Police cheered President Donald Trump on July 28 when he suggested they use violence on criminal suspects during a speech at Suffolk County Community College in Long Island, New York (video below).
The president encouraged officers to slam the suspects' heads into police cars, notes Mediaite:
When you see these towns, and when you see these thugs being thrown into the back of a paddy wagon, you just see them thrown in, rough, I said, "Please don't be too nice." Like when you guys put somebody in the car and you're protecting their head, you know, the way you put their hand over, like, don't hit their head and they’ve just killed somebody, don’t hit their head. I said, "You can take the hand away, okay?"
During the same speech, Trump bragged about appointing wealthy people to his Cabinet, according to CNN:
They'll say that's not politically correct, you’re not allowed to have rough people doing this kind of work. We have to get-- just like they don’t want to have rich people at the head of Treasury. Like, I want a rich guy at the head of Treasury. I want a rich guy at the head of Commerce because we've been screwed so badly on trade deals. I want people that made a lot of money to make a lot money for our country.
The Suffolk County Police Department quickly pushed back against Trump in a series of tweets on July 28: "The SCPD has strict rules & procedures relating to the handling of prisoners. Violations of those rules are treated extremely seriously. As a department, we do not and will not tolerate roughing up of prisoners."
Professor Karen Pita Loor of Boston University School of Law criticized Trump's speech, telling LawNewz: "I’m not sure that’s what his supporters meant by a law-and-order president. Law and order does not mean abuse of power."
Loor added that the public should question U.S. Department of Justice investigations into police brutality.
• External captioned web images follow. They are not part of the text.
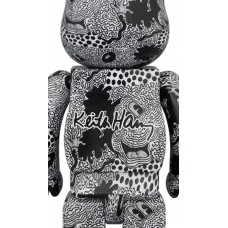 Bearbrick x Keith Haring x Disney Mickey Mouse 100% & 400% Set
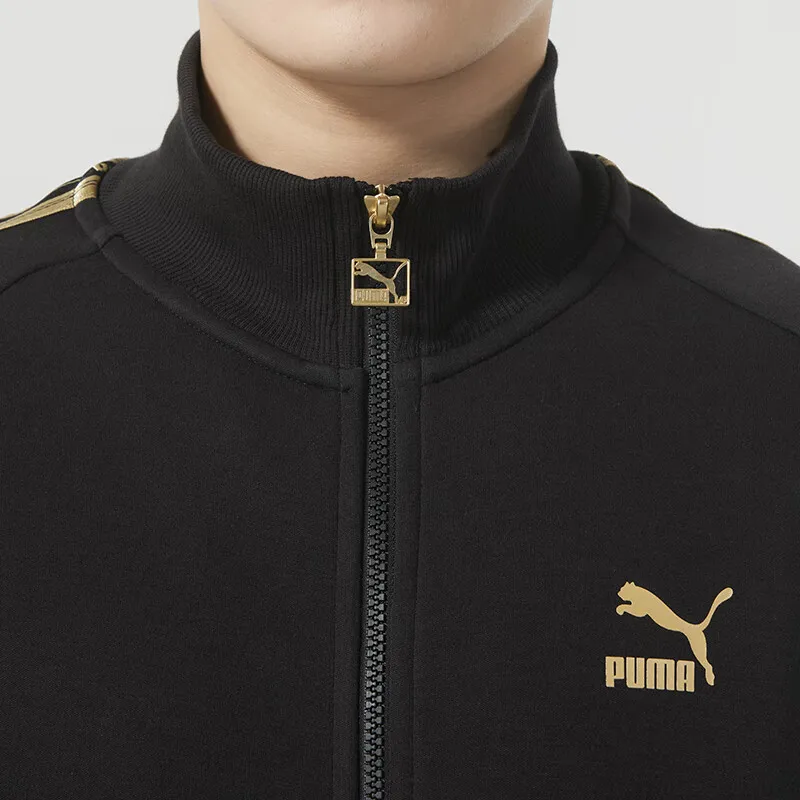 PUMA Jackets Men Black-3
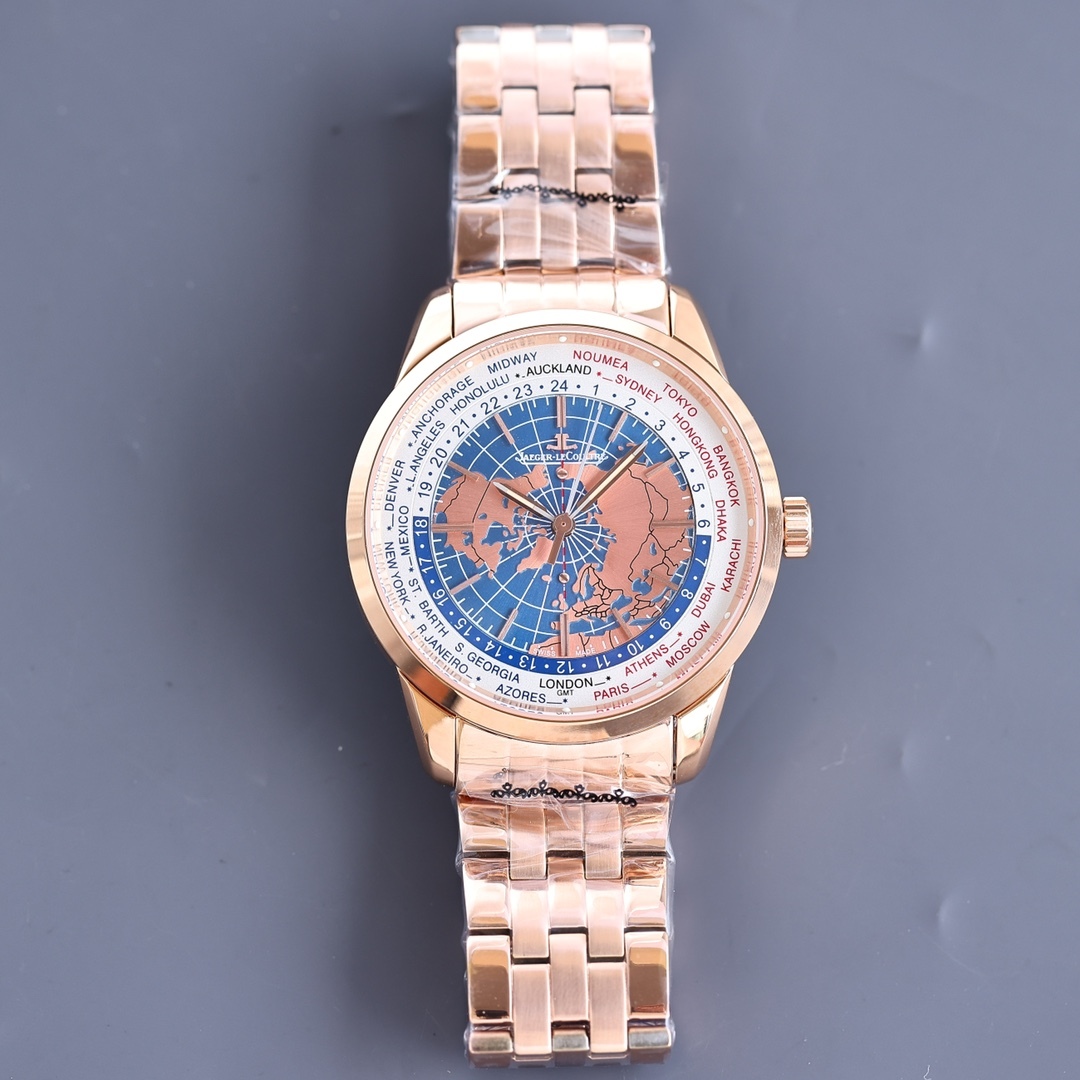 ジャガー ルクルト「Jaeger-LeCoultre」ジオフィジック アストロノミカル シリーズ メンズ ウォッチ42MM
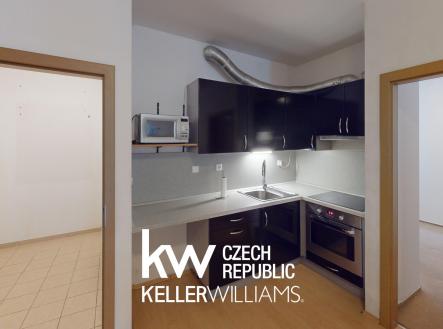 Pronajem-bytu-3kkL-Kraluv-Dvur-Na-Horizontu-Kitchen | Pronájem bytu, 3+kk, 70 m²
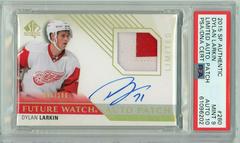 Dylan Larkin [Limited Autograph Patch] #260 Hockey Cards 2015 SP Authentic Prices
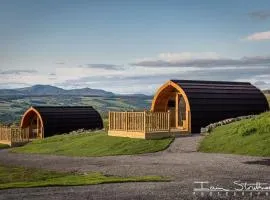 BenVrackie Luxury Glamping Pet Friendly Pod at Pitilie Pods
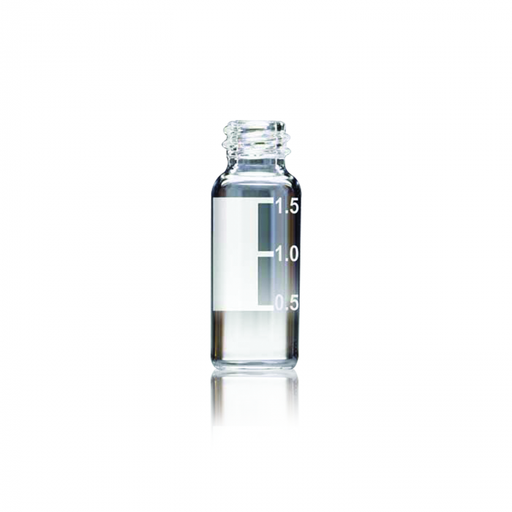 [KIM-331232SW] VIAL ROSCADO CLARO ROSCA 9-425 MARKING SPOT Y GRADUADO SIN TAPA — 12x32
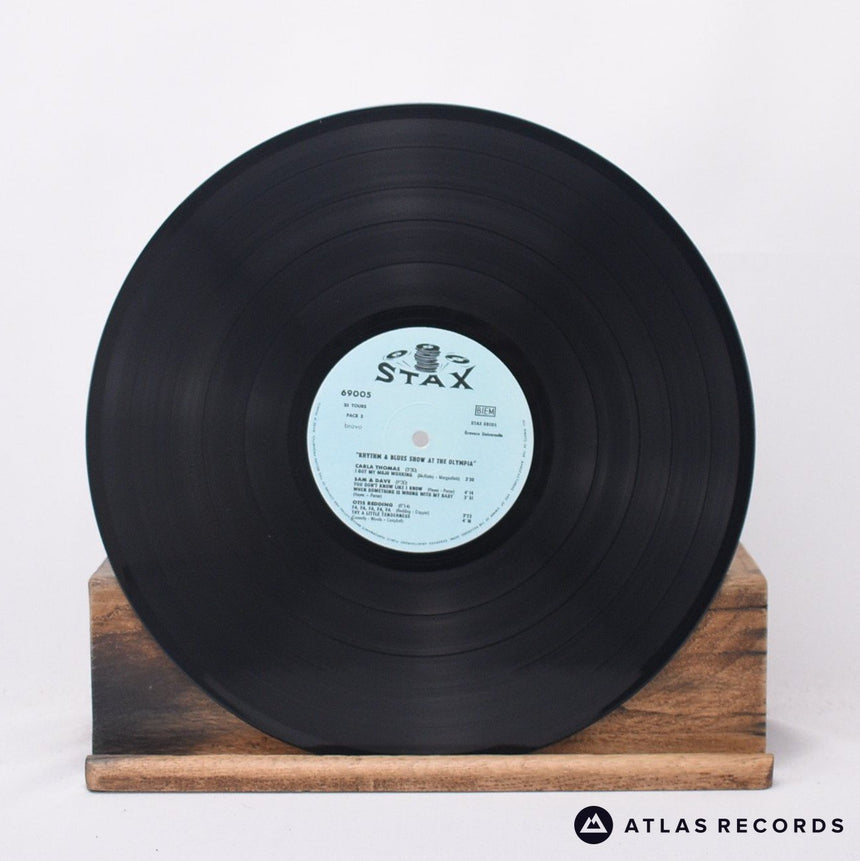 Various - Rhythm And Blues Show At The Olympia - A B LP Vinyl Record - VG+/VG+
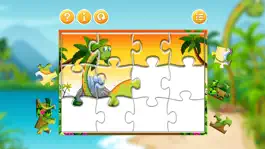 Game screenshot Dino World: Jurassic Zoo Dinosaur Jigsaw Games hack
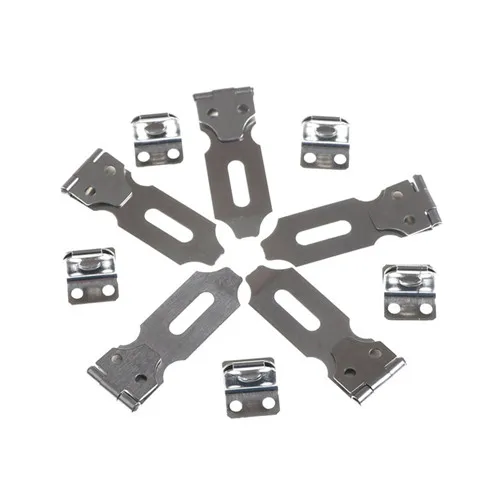 4 шт. штапельного Нержавеющая сталь Прямая поставка для дома выдвижного ящика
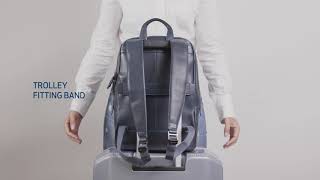 Piquadro Fall Winter Collection: Pioneer Computer backpack- Piquadro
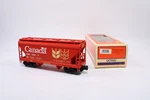Lionel Gauge 6-17010 Government Canada Acf 2-BAY Covered Hopper Cnwx 7000. Fixed Price $21.95.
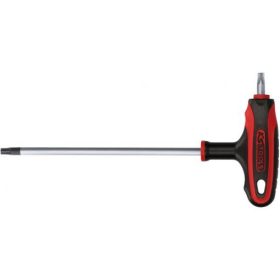 KS Tools TORX BO kulcs, T-nyelű, kétvégu TX   9 x 100 BO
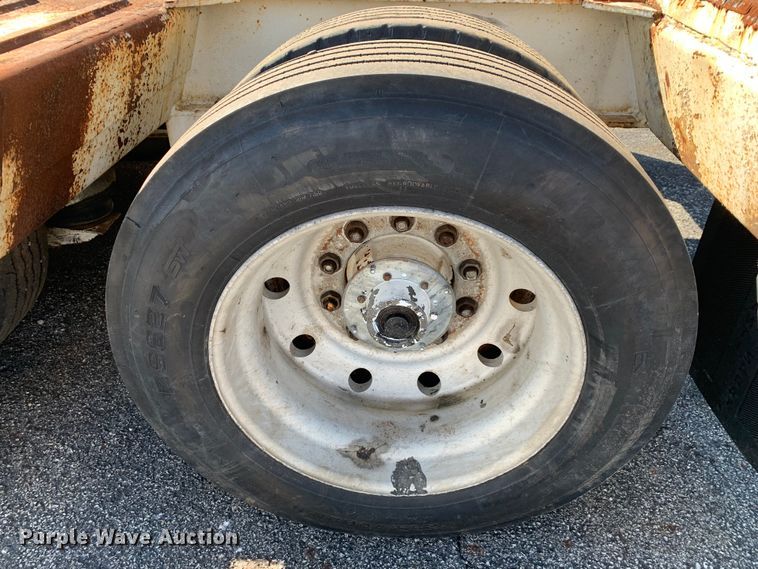 image for item LI9136 1996 Load  lowboy equipment trailer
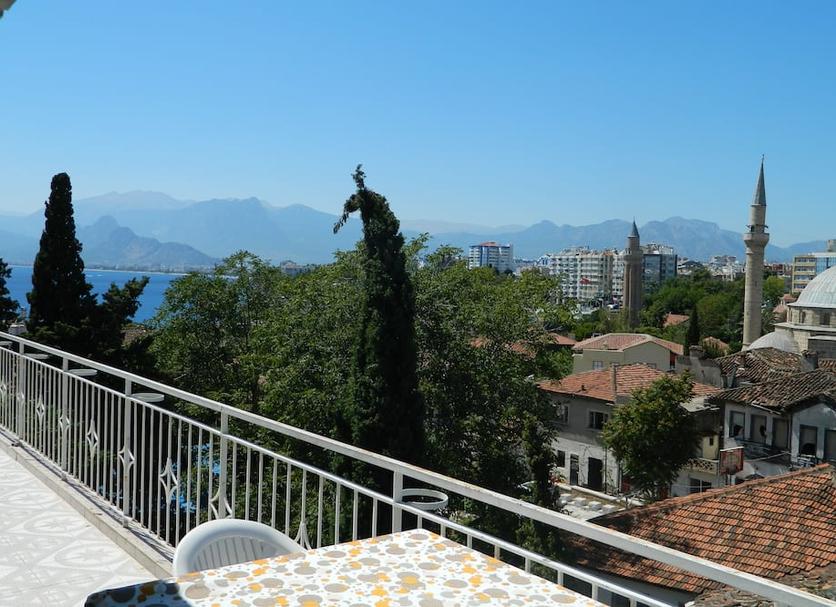 Balkon Foto's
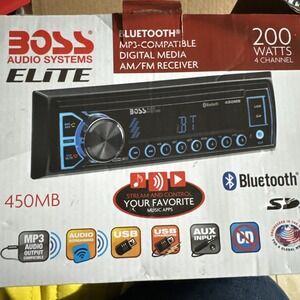 BOSS Audio System Car Radio Bluetooth, CD / MP3 Radio • NOB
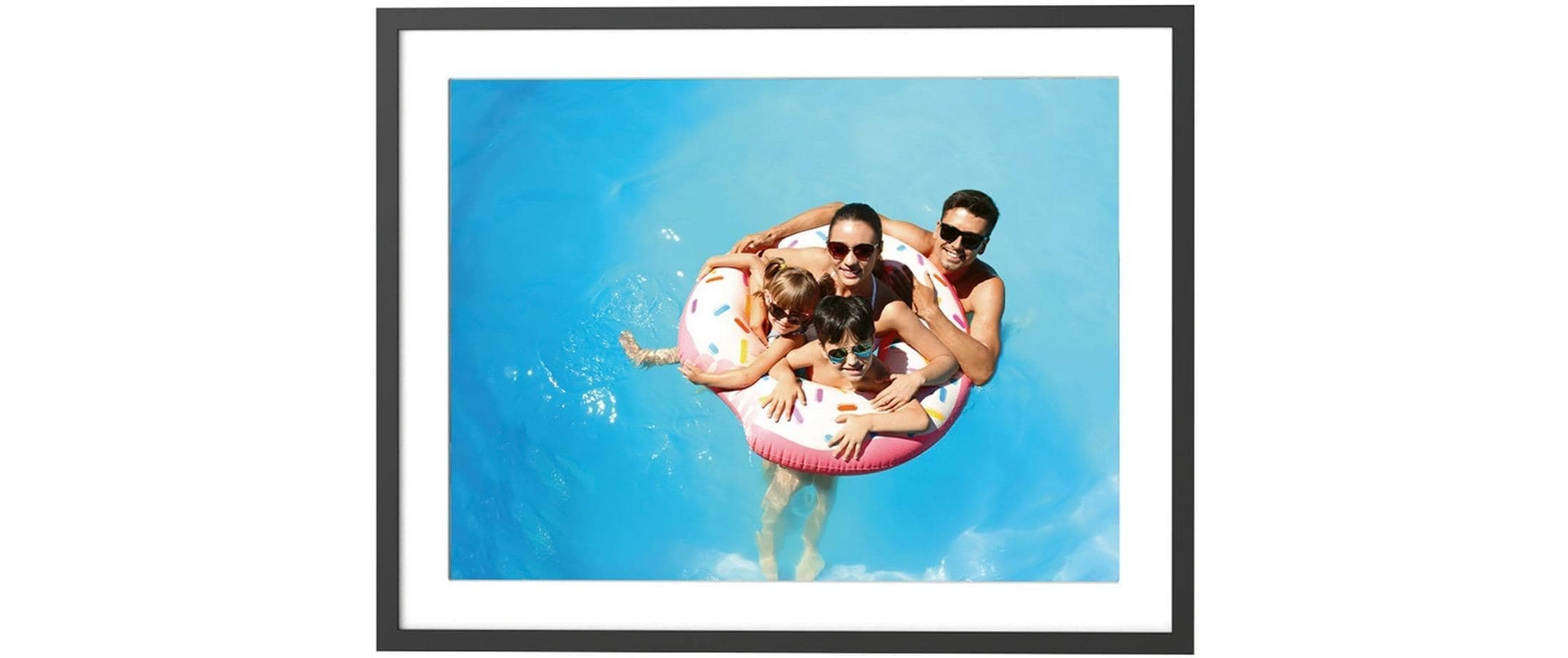 AgfaPhoto Digitaler Bilderrahmen »Realiview APF1700WiFi 17 Schwarz« 1280 x 960 px Pixel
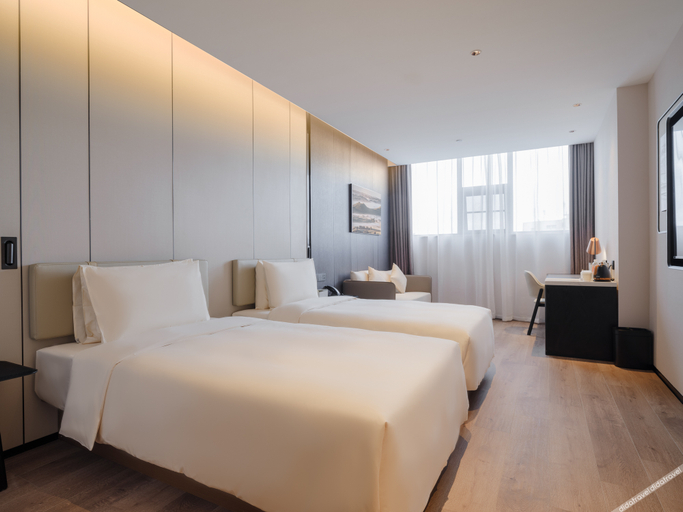 Bedroom 2, Atour Hotel Xiamen North Railway Station Jiageng Stadium, Xiamen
Defense lawyer and professor Craig Futterman of The University of Chicago Law School concurred:
This is a president who has shown contempt for the Constitution of the United States. Is there any wonder why the [Attorney General Jeff] Sessions' Justice Department refuses to address patterns of civil rights violations by local police departments when the President of the United States advocates for police brutality It is beyond frightening when the federal government not only refuses to enforce our nation’s most fundamental laws, but encourages police officers to break them.